Provided entries START

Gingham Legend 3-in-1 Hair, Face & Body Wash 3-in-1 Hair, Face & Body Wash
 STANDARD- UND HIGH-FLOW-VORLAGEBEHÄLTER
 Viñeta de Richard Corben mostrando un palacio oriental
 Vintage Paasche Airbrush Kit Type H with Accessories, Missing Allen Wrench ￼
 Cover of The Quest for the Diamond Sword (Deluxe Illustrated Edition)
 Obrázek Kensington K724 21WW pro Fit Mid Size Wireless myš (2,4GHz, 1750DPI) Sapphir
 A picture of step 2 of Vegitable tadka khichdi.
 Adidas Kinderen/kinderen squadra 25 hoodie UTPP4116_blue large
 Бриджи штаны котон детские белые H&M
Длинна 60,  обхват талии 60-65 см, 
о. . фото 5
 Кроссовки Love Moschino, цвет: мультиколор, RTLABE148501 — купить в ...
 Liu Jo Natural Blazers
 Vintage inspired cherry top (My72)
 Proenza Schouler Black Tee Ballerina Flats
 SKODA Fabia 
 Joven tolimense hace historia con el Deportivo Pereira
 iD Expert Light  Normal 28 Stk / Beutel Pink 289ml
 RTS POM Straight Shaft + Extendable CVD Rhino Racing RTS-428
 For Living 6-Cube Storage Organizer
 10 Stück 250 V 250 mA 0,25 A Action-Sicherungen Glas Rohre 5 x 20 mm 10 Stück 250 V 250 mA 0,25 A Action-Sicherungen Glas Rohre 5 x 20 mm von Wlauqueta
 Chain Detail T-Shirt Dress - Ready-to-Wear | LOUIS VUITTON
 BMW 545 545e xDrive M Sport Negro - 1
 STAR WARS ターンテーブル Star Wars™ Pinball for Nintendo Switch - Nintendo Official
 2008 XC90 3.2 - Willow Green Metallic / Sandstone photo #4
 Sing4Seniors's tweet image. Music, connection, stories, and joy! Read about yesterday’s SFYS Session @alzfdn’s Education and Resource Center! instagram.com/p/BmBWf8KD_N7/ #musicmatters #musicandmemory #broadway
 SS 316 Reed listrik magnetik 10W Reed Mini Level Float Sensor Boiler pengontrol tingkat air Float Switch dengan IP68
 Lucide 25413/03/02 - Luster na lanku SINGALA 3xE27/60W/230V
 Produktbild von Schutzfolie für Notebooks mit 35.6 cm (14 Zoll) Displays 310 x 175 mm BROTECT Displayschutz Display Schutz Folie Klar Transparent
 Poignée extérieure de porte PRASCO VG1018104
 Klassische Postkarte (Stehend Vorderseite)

Provided entries END

◆ Problem description
Print the data exactly as written, dropping any images it holds.

◆ Written response
Gingham Legend 3-in-1 Hair, Face & Body Wash 3-in-1 Hair, Face & Body Wash
 STANDARD- UND HIGH-FLOW-VORLAGEBEHÄLTER
 Viñeta de Richard Corben mostrando un palacio oriental
 Vintage Paasche Airbrush Kit Type H with Accessories, Missing Allen Wrench 
 Cover of The Quest for the Diamond Sword (Deluxe Illustrated Edition)
 Obrázek Kensington K724 21WW pro Fit Mid Size Wireless myš (2,4GHz, 1750DPI) Sapphir
 A picture of step 2 of Vegitable tadka khichdi.
 Adidas Kinderen/kinderen squadra 25 hoodie UTPP4116_blue large
 Бриджи штаны котон детские белые H&M
Длинна 60,  обхват талии 60-65 см, 
о. . фото 5
 Кроссовки Love Moschino, цвет: мультиколор, RTLABE148501 — купить в ...
 Liu Jo Natural Blazers
 Vintage inspired cherry top (My72)
 Proenza Schouler Black Tee Ballerina Flats
 SKODA Fabia 
 Joven tolimense hace historia con el Deportivo Pereira
 iD Expert Light  Normal 28 Stk / Beutel Pink 289ml
 RTS POM Straight Shaft + Extendable CVD Rhino Racing RTS-428
 For Living 6-Cube Storage Organizer
 10 Stück 250 V 250 mA 0,25 A Action-Sicherungen Glas Rohre 5 x 20 mm 10 Stück 250 V 250 mA 0,25 A Action-Sicherungen Glas Rohre 5 x 20 mm von Wlauqueta
 Chain Detail T-Shirt Dress - Ready-to-Wear | LOUIS VUITTON
 BMW 545 545e xDrive M Sport Negro - 1
 STAR WARS ターンテーブル Star Wars™ Pinball for Nintendo Switch - Nintendo Official
 2008 XC90 3.2 - Willow Green Metallic / Sandstone photo #4
 Sing4Seniors's tweet image. Music, connection, stories, and joy! Read about yesterday’s SFYS Session @alzfdn’s Education and Resource Center! instagram.com/p/BmBWf8KD_N7/ #musicmatters #musicandmemory #broadway
 SS 316 Reed listrik magnetik 10W Reed Mini Level Float Sensor Boiler pengontrol tingkat air Float Switch dengan IP68
 Lucide 25413/03/02 - Luster na lanku SINGALA 3xE27/60W/230V
 Produktbild von Schutzfolie für Notebooks mit 35.6 cm (14 Zoll) Displays 310 x 175 mm BROTECT Displayschutz Display Schutz Folie Klar Transparent
 Poignée extérieure de porte PRASCO VG1018104
 Klassische Postkarte (Stehend Vorderseite)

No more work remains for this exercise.